Repeat exactly the lines below that lie between the line with "12 oz Colster®" and the line with "Signature Cocks - Alex", counting both of those lines as part of the answer.

• **Data records**:
**********

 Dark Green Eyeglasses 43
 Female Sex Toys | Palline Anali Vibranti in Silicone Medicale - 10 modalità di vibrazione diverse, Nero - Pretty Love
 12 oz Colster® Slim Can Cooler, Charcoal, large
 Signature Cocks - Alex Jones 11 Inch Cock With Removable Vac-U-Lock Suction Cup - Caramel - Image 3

**********

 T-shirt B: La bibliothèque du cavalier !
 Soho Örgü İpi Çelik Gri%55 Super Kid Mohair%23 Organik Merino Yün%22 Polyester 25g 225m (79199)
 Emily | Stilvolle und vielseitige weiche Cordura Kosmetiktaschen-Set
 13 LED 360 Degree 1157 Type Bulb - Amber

**********

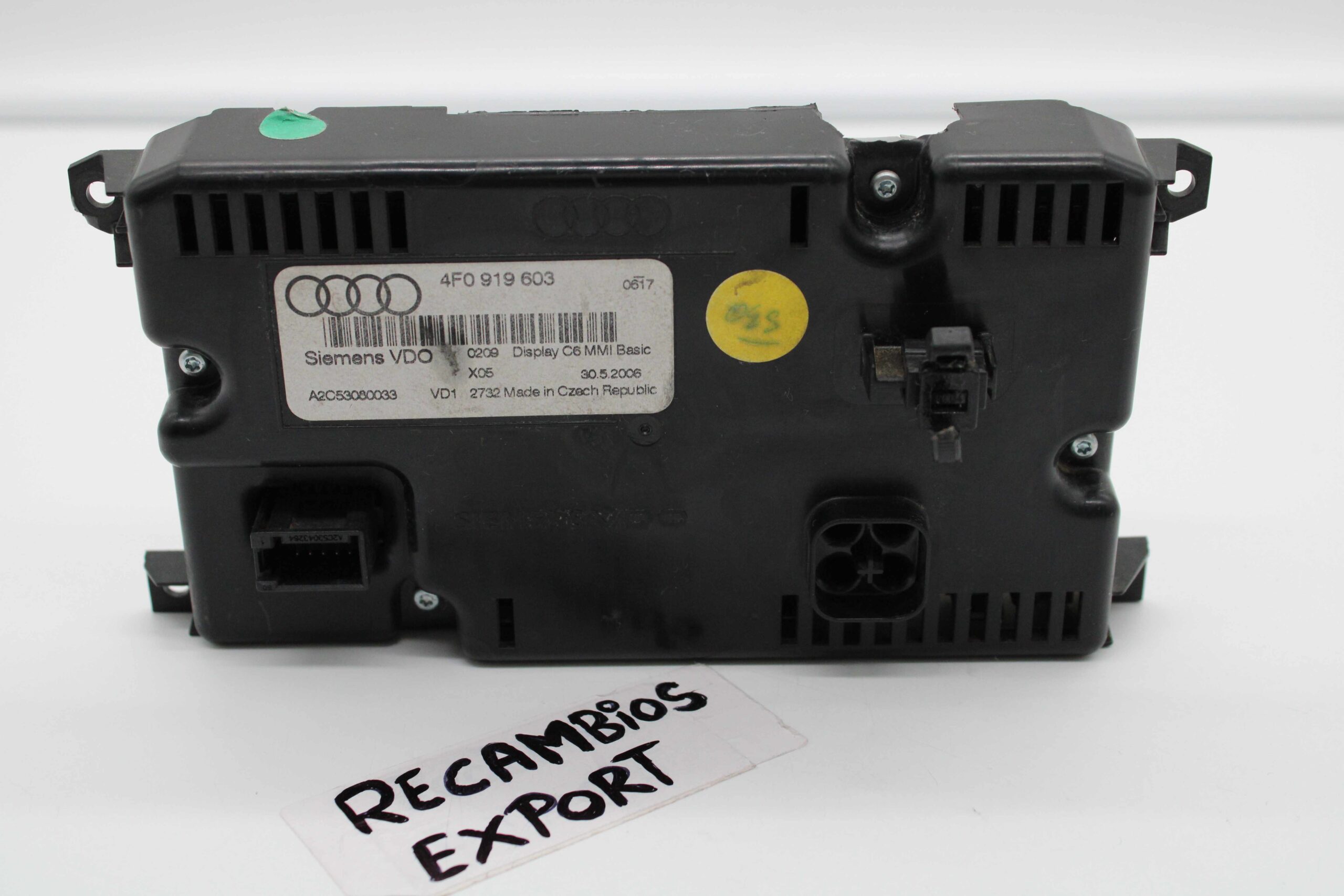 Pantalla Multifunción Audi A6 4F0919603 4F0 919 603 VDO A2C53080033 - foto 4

**********

• **Result of the exercise**:
 12 oz Colster® Slim Can Cooler, Charcoal, large
 Signature Cocks - Alex Jones 11 Inch Cock With Removable Vac-U-Lock Suction Cup - Caramel - Image 3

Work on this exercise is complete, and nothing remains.